Balance
You can't simply stop warfare by telling people not to work on munitions - World War II illustrates this perfectly. If you doubt it, consider this: some of the scientists working on the Manhattan Project considered the possibility that an uncontrolled nuclear explosion in the open might contaminate the Earth's atmosphere and eradicate all life on Earth. Despite this possibility, they went ahead and tested it anyway, and hang the consequences. If these "boffins" were prepared to risk the destruction of all life on Earth in their pursuit of more effective weaponry, what makes anyone think that the prospect of a mere dystopian horror future is any kind of discouragement?

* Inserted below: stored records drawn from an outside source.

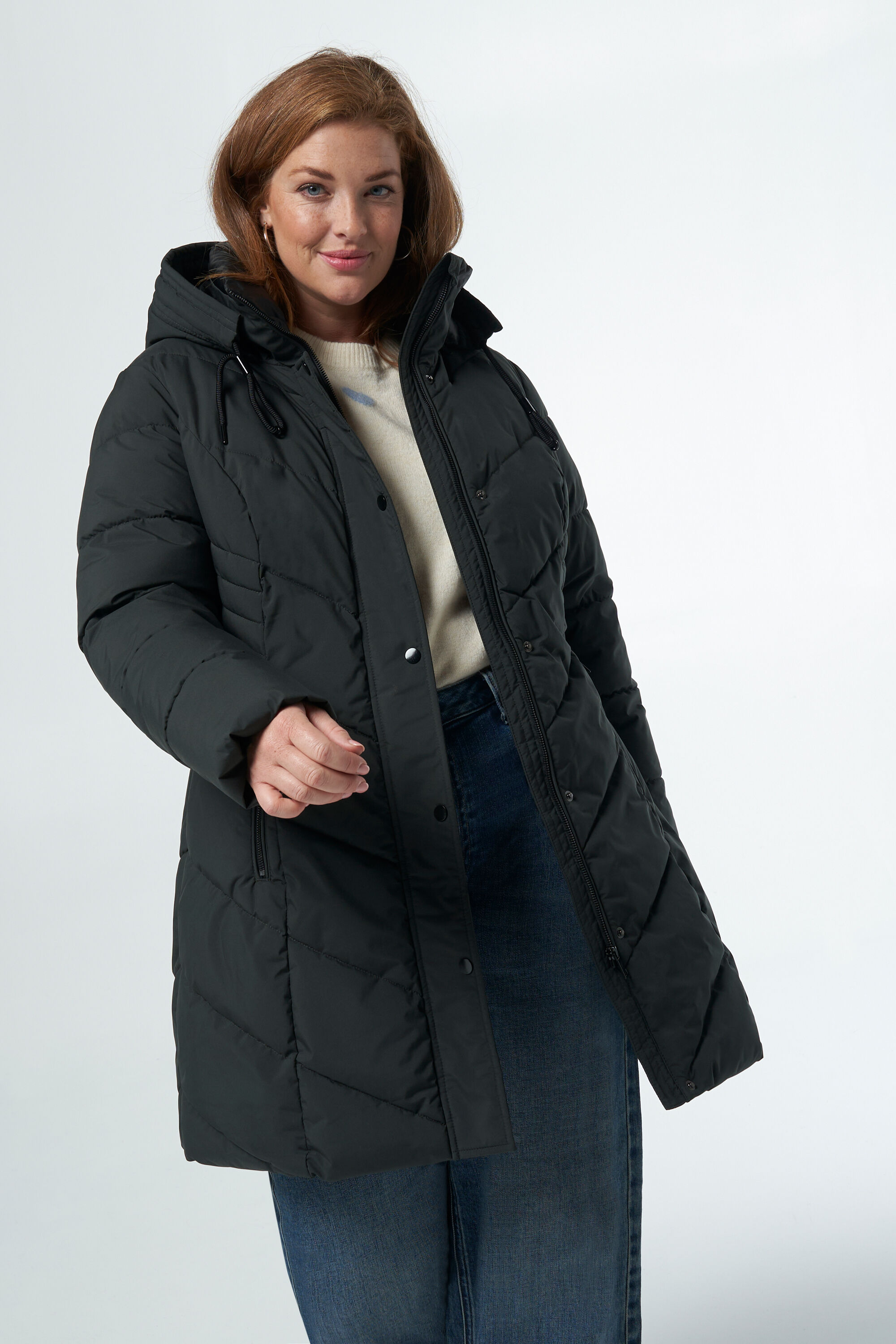 Veste matelass&eacute;e avec coutures fantaisie image number 5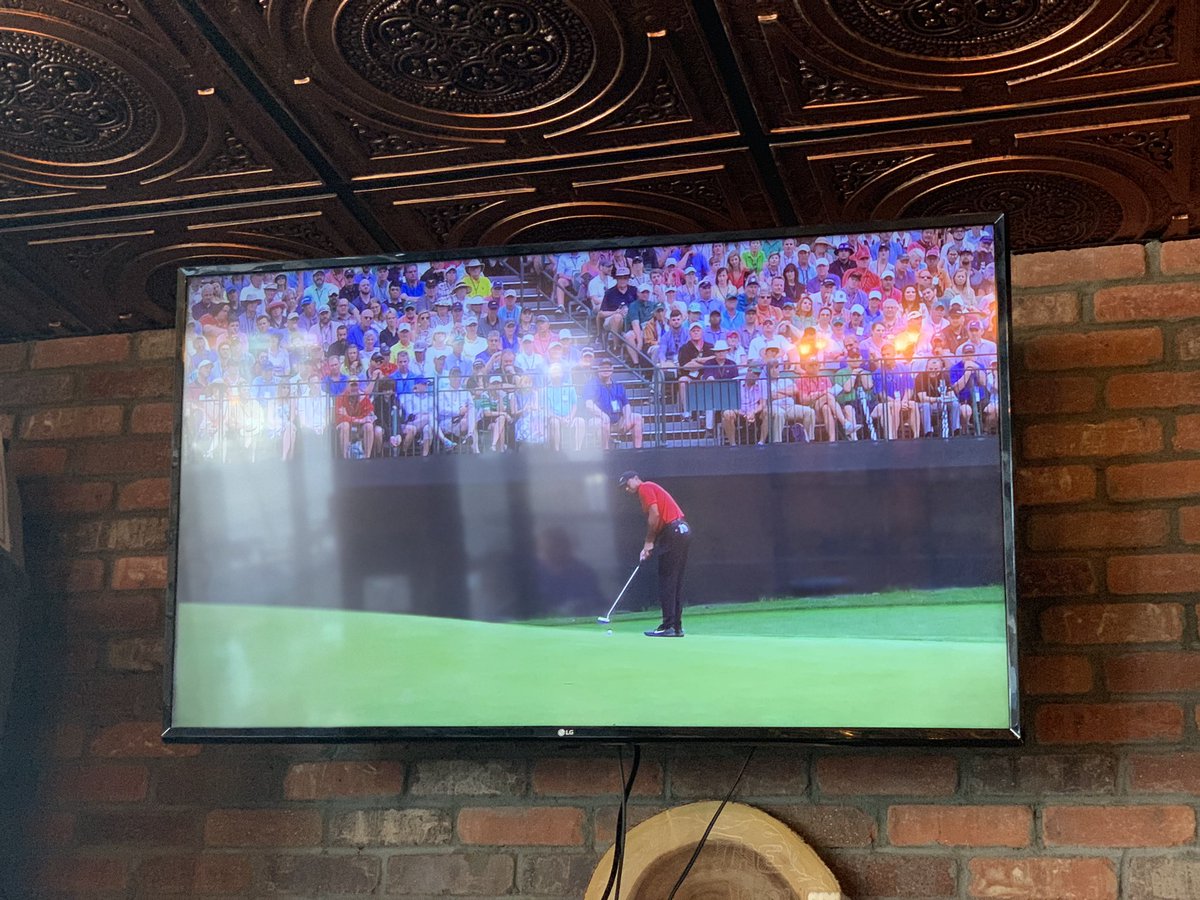 henfern_nyc's tweet photo. @TheMasters viewing from the D&amp;D Community Market during the midway point of a 30 mile bike ride.  @TigerWoods on the prowl  @Espngreeny perfect Sunday https://t.co/3q3RsG8wRW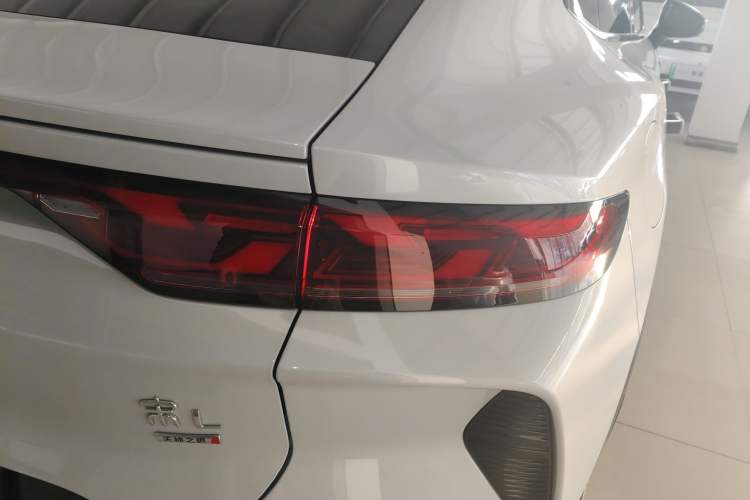 Used BYD Song L EV 2025 Intelligent Driving Version 662 km LiDAR Excellence Edition Exterior 6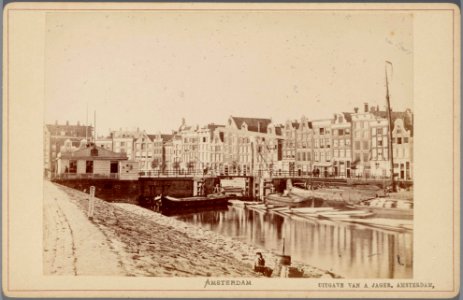 Kromme Waal en Waalseilandsgracht met daarvoor de Kraansluis (Brug 300), gezien vanaf de Oosterdoksdijk
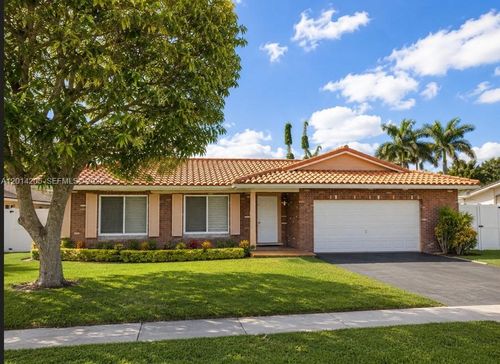5240 Sw 10th Ct, Plantation, FL, 33317-4730 | Card Image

However, things balance out. People like the Rosenbergs, who were executed as traitors for providing atomic bomb secrets to the Soviets, actually did humanity a great service by ensuring that others besides the trigger-happy USA had the Bomb, and thus vastly reduced the possibility of nuclear war through the principle of Mutually Assured Destruction. If the Americans had remained the only ones with nuclear weapons, with no other country having any effective countermeasures, I'd bet 10 years' pay Hiroshima and Nagasaki would have only been the first of many nuclear targets; Korea, Vietnam and the Middle East would in all likelihood be glowing glass wastelands by now if the USA believed it could deploy nuclear weapons without fear of like retaliation.
With robotic weaponry, a balance will also be struck. Countermeasures will be devised the moment these things start to become a problem for anyone with the ability to develop such countermeasures. Iran has already shown us that this is possible, with the drone they downed and captured and which the USA so ardently denied was anything consequential.
Those with a need to protect themselves against such devices will certainly do so, and the solutions will invariably be much simpler than the robotic systems themselves. I picture radio jamming devices, which cut off the drones from their controllers; laser pointers to blind or damage the cameras mounted on them; microwave beam emitters to fry the circuitry controlling them (didn't a bunch of boffins just recently demonstrate a powerful room-temperature maser? That has some potential...!)
Remember, it is easier to destroy than to create; a principle which in this case works against the complicated systems of robotic ordnance.
I am reminded of Arthur C. Clarke's solution to orbiting weapons satellites; he said the best way to get rid of them would be to simply launch a rocket with a payload of ordinary sand, to be dumped into the path of the satellites. The high relative velocities of satellite and sand grains means that as soon as the satellite hits the sand it would be shredded like a tomato in a sandblaster.
And I am reminded of a Commodore 64 cracking crew I was in contact with back in the 80s; a well-known game house had spent thousands of dollars and more than six months developing a DRM system to prevent copying of their games; this cracking crew broke it in less than 10 minutes for no cost. That's months of work and thousands of dollars rendered useless in minutes!
So I'm certain that the more these robotic weapons are developed, the quicker people will develop countermeasures. And those countermeasures will be something cheaper and more readily available than the robots they are intended to fuck over. Instead of pleading with engineers not to work on robotic weapons, which is an exercise in futility, get other engineers to develop ways of counteracting them. I'll be interested to see what creative anti-robot measures people come up with.
For what man can make, man can break.